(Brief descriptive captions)
********************
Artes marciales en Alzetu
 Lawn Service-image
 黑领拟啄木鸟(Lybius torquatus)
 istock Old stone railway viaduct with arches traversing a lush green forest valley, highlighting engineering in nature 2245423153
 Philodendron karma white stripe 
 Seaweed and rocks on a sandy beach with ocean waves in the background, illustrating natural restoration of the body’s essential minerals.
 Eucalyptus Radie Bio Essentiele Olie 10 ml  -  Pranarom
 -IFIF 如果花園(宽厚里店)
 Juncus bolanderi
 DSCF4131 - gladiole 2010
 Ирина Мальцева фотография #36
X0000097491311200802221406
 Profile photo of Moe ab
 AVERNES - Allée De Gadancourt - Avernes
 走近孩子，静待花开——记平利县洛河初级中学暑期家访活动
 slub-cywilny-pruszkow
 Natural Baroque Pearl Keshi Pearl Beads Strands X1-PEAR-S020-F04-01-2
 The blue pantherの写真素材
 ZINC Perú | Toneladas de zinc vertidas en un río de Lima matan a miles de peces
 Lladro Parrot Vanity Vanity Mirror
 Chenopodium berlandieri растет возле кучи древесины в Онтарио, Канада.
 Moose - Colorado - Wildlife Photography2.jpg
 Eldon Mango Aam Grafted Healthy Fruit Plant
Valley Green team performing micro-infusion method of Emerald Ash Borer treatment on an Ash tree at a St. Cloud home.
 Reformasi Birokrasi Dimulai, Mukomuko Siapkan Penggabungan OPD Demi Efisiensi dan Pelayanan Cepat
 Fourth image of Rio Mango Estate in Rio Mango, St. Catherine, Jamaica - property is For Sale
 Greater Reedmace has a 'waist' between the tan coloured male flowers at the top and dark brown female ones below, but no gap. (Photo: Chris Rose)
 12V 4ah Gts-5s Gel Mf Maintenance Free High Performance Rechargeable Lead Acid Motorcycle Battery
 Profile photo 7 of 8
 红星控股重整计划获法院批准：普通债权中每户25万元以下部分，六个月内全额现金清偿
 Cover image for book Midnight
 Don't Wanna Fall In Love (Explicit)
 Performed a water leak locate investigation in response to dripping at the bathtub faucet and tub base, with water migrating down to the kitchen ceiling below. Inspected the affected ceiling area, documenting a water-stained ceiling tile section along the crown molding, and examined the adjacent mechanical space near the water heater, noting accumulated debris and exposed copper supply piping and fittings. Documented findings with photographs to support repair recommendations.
********************
* [Work required]: Look through the records for the string "below". Copy every line that has it.

* [Reply]:
 Greater Reedmace has a 'waist' between the tan coloured male flowers at the top and dark brown female ones below, but no gap. (Photo: Chris Rose)
 Performed a water leak locate investigation in response to dripping at the bathtub faucet and tub base, with water migrating down to the kitchen ceiling below. Inspected the affected ceiling area, documenting a water-stained ceiling tile section along the crown molding, and examined the adjacent mechanical space near the water heater, noting accumulated debris and exposed copper supply piping and fittings. Documented findings with photographs to support repair recommendations.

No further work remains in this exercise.